I'm currently in my senior year of college. I have offers from two companies that have a deadline for decision coming up, and another possible interview.<p>Both of these jobs have "At will" clauses so I was wondering if I could, and should, accept both offers and continue to interview and decide in a few months once I have a better idea of what the best job is, rather than deciding the next few years of my life in the next two weeks.<p>Thanks.
======
briandoll
The way I read this, I would rephrase your question as "Is it OK for my first
venture into the working world to be that of burned bridges and distrust". So,
no, I don't think it's OK.

It takes a lot of emotional energy on both sides of the table during the
hiring process. If a job isn't grabbing you to the point of wanting to sign
right away, than tell them so. Tell them you're exploring your options and you
can't sign right now. They'll probably move on, but perhaps something will
open up with them again down the road.

It sounds like you're not hurting for offers. I wouldn't start off by pissing
people off.

------
brk
NO.

This is very very bad form. People WILL remember you for this, and not in a
good way.

A few things to consider... At this stage of your career it's not critically
important that you work for any specific company. Having a job and getting
some general experience in a level 0 position is going to be pretty much the
same any place you go (unless you are maybe comparing a position at Facebook
to a position at Coders, Inc., but it doesn't sound like that is the case).
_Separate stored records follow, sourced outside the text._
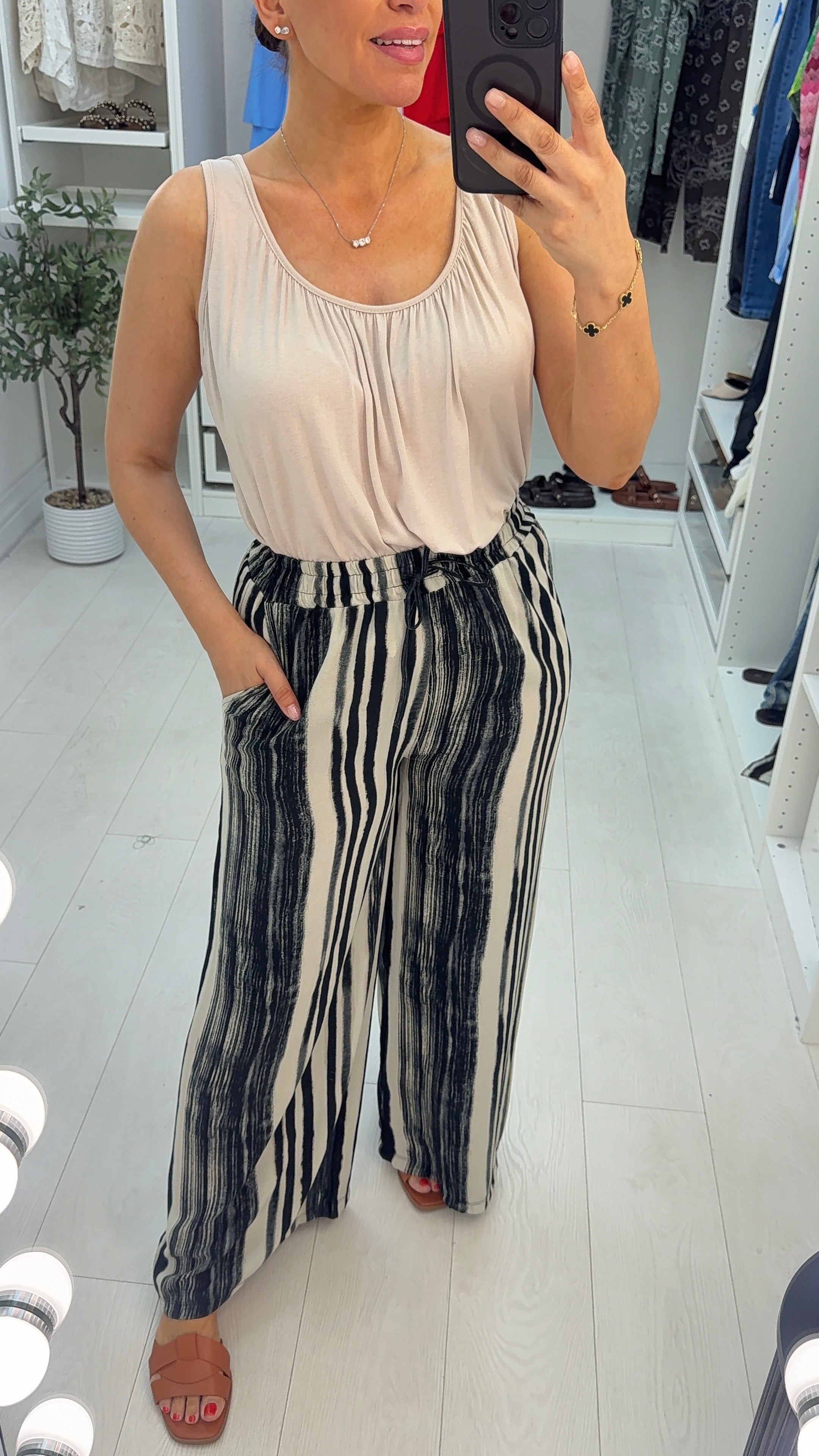 Yelena Striped Wide Leg Trousers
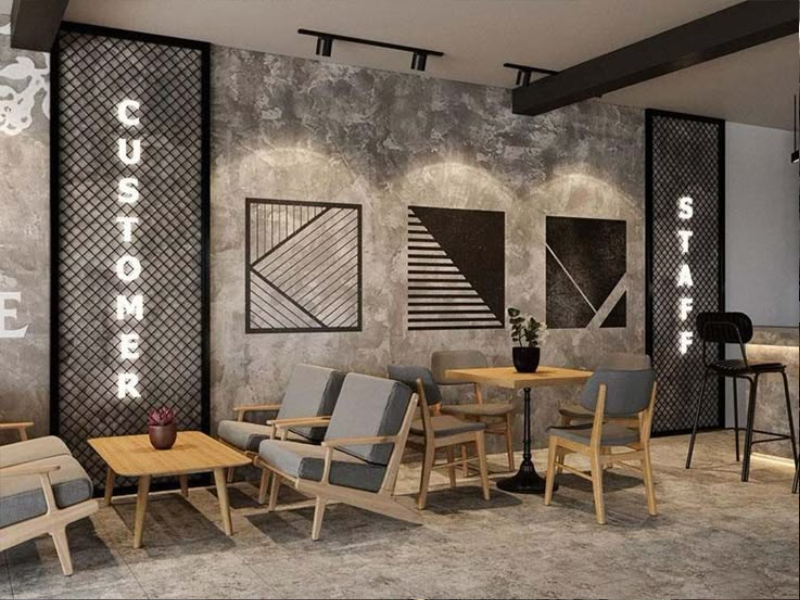 Thiết kế quán cafe 300m2 phong cách Công Nghiệp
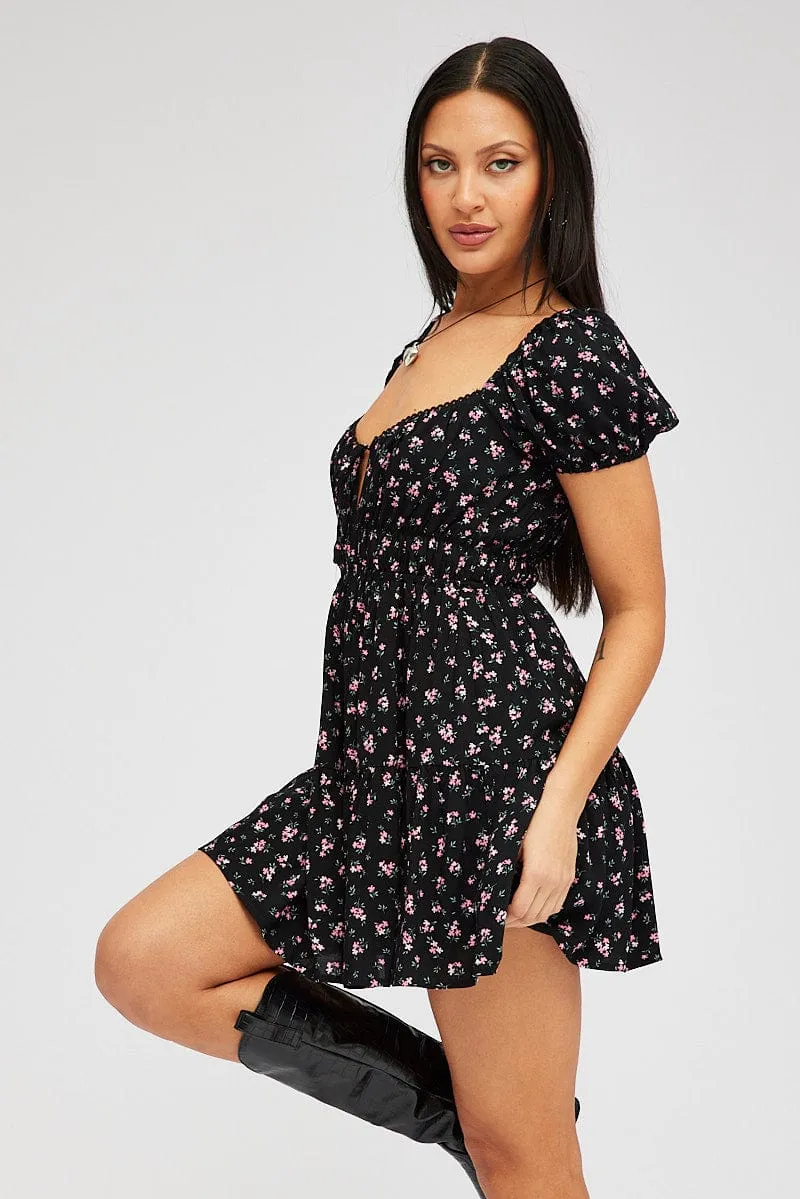 Black Floral Fit And Flare Dress Puff Sleeve Mini sold by Ally Fashion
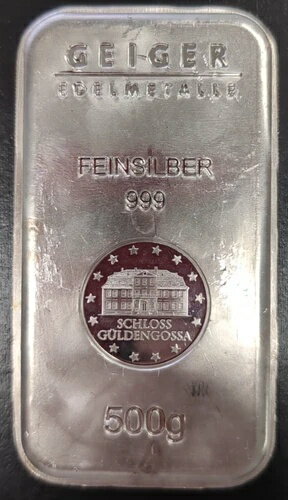 500 グラム シルバー バー - ガイガー エーデルメタル (セキュリティ ライン シリーズ) レア (E12)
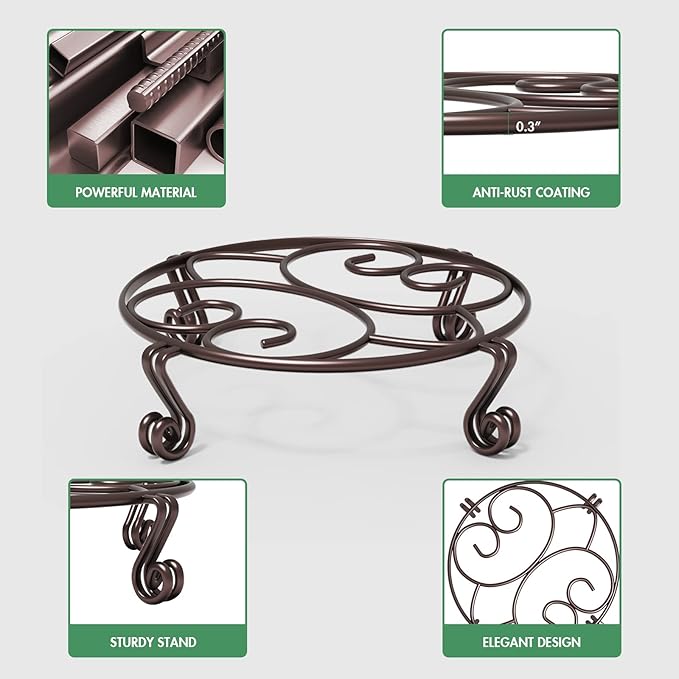 Yimobra 2 Pack Plant Stand for Flower Pot Heavy Duty Potted Holder Indoor Outdoor Metal Rustproof Iron Garden Container Round Supports Rack for Planter Bronze, Brown,10.2 Inches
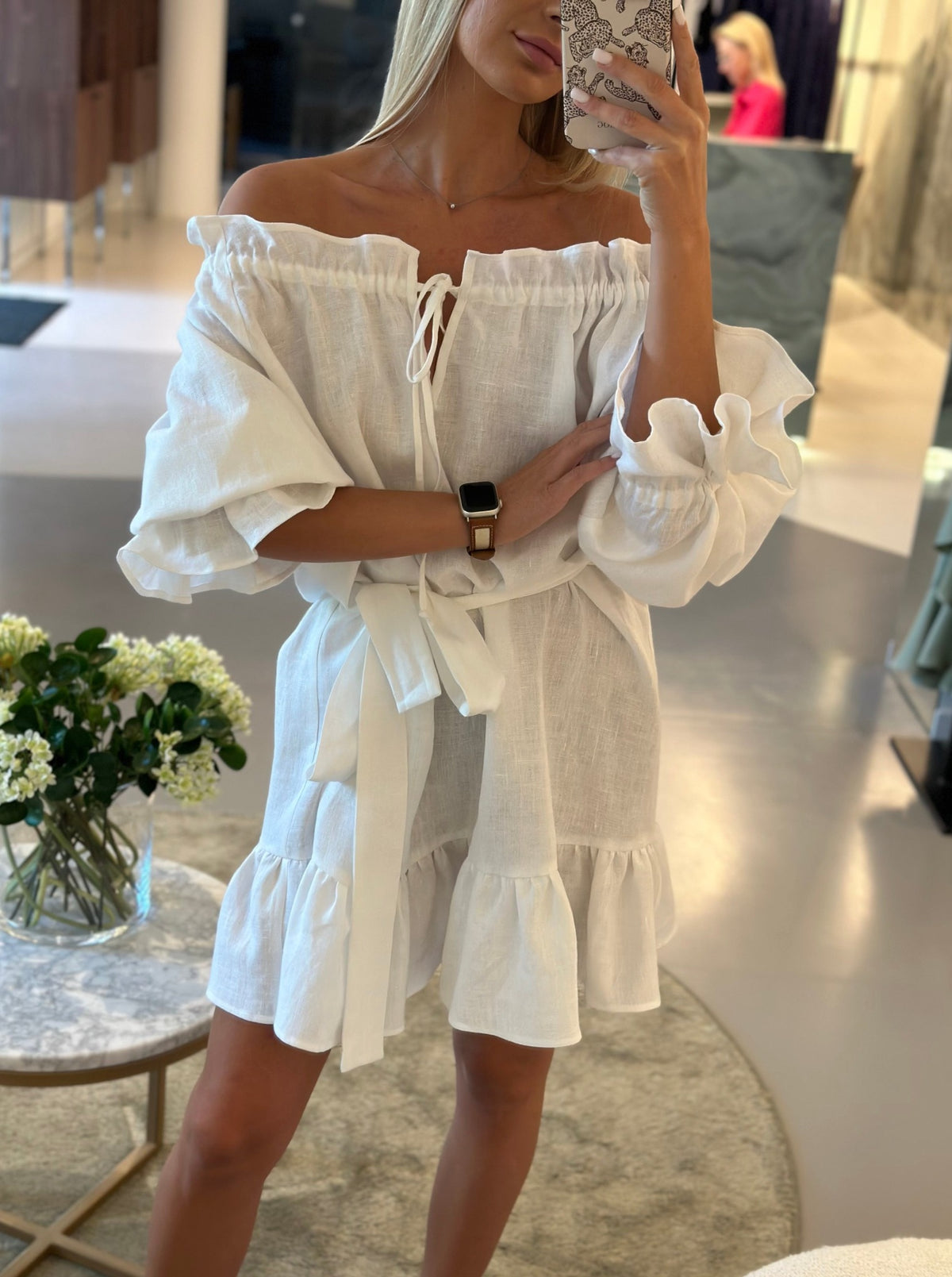 MOONLOVE Mini Linen Dress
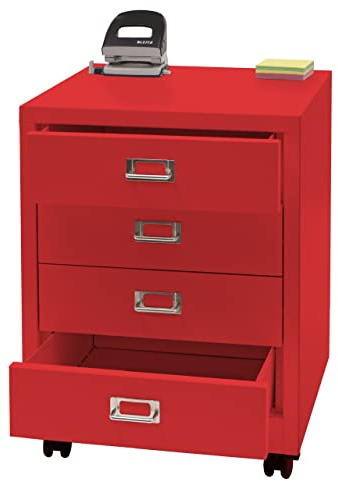 Mendler Rollcontainer HWC-L49 55x40x41cm 4 Schubladen - rot | Schubladenschrank, Stahlschrank, Aktenschrank, Metall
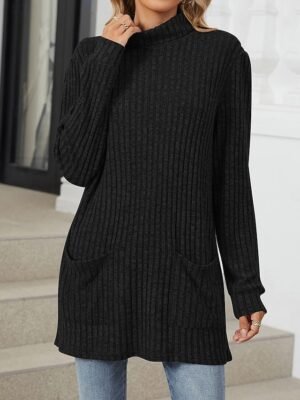 Stylish Modern Loose Black Long Sleeve Blouse - Image 8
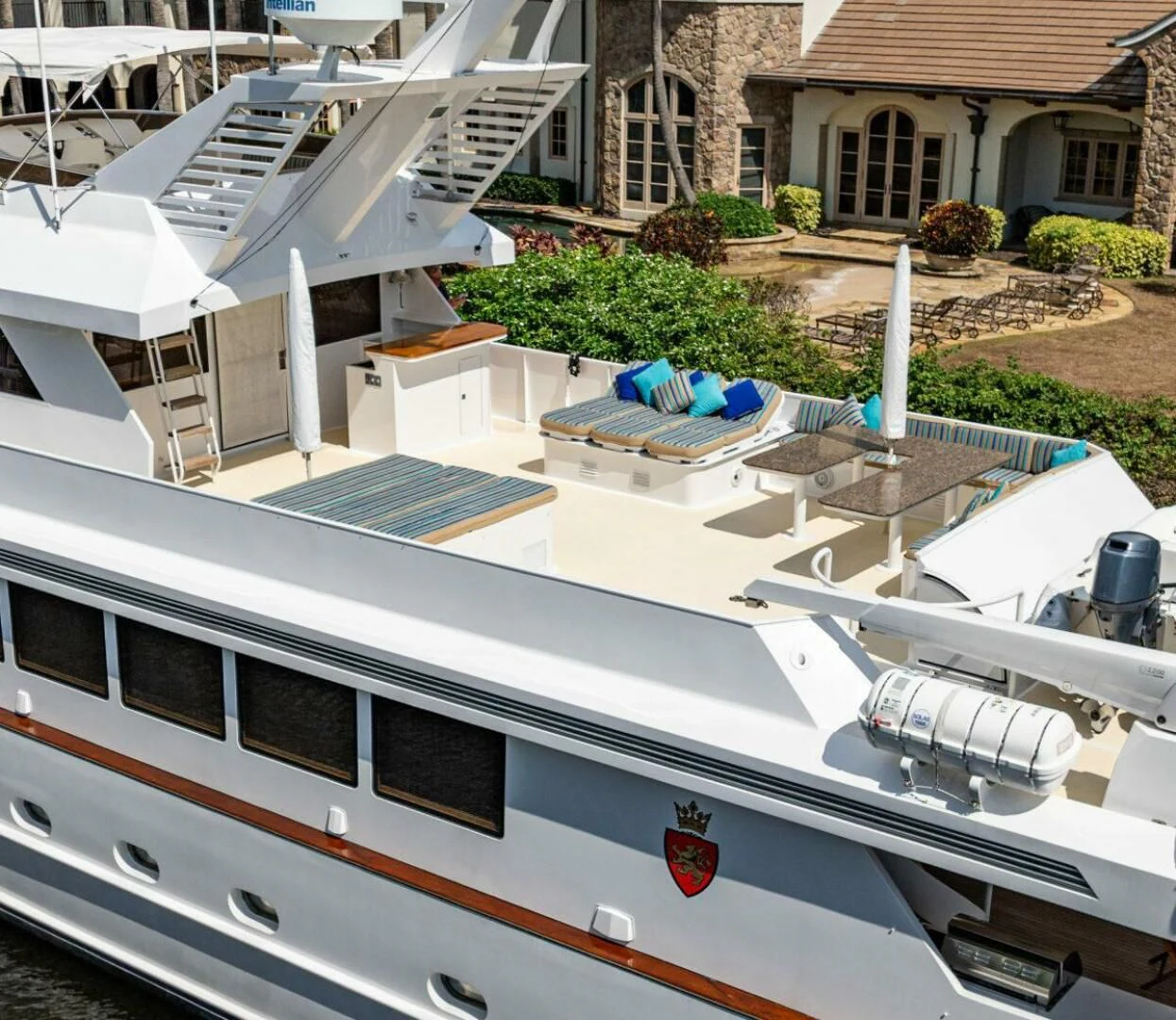 a boat docked at a pier aboard LE MONTRACHET Yacht for Sale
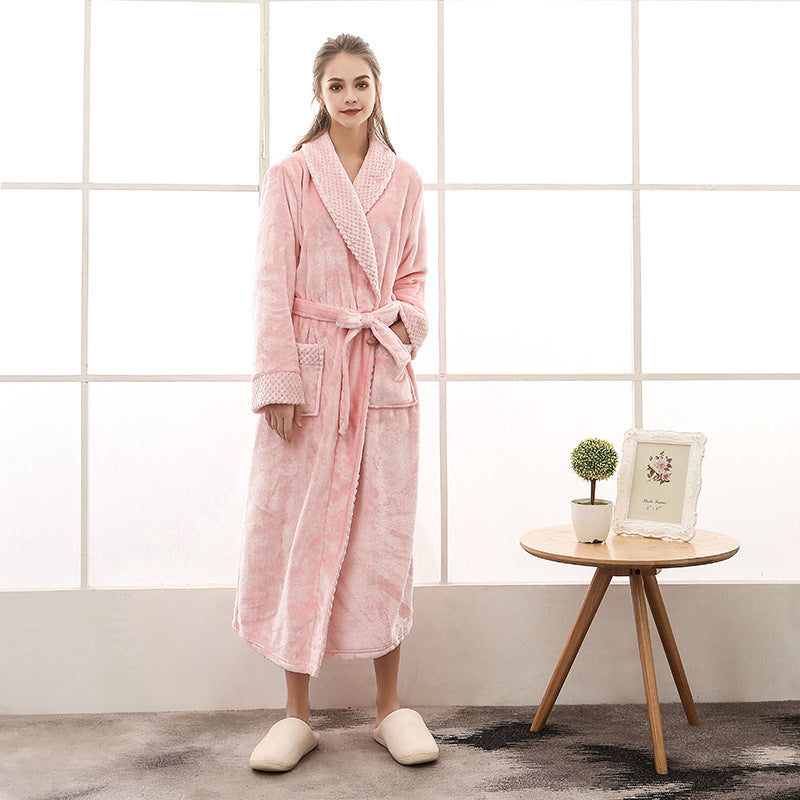 Unisex Dressing Gown - Self-Tie Belt with Patch Pockets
You will more than likely get some experience, figure out what you want to
concentrate on in your career, and then go that route in a year or three.

Pick a job offer. Turn down the other one gracefully. Tell the hiring manager
of the job you decline that you'd like to keep in touch with them (and do so).

------
NumberFiveAlive
While what you describe is a common enough practice, you definitely have to
worry about closing future doors. I'd pick a place and go with it. You can
always make a change in a year or so if it's not working out _without_ burning
bridges and call it a learning experience.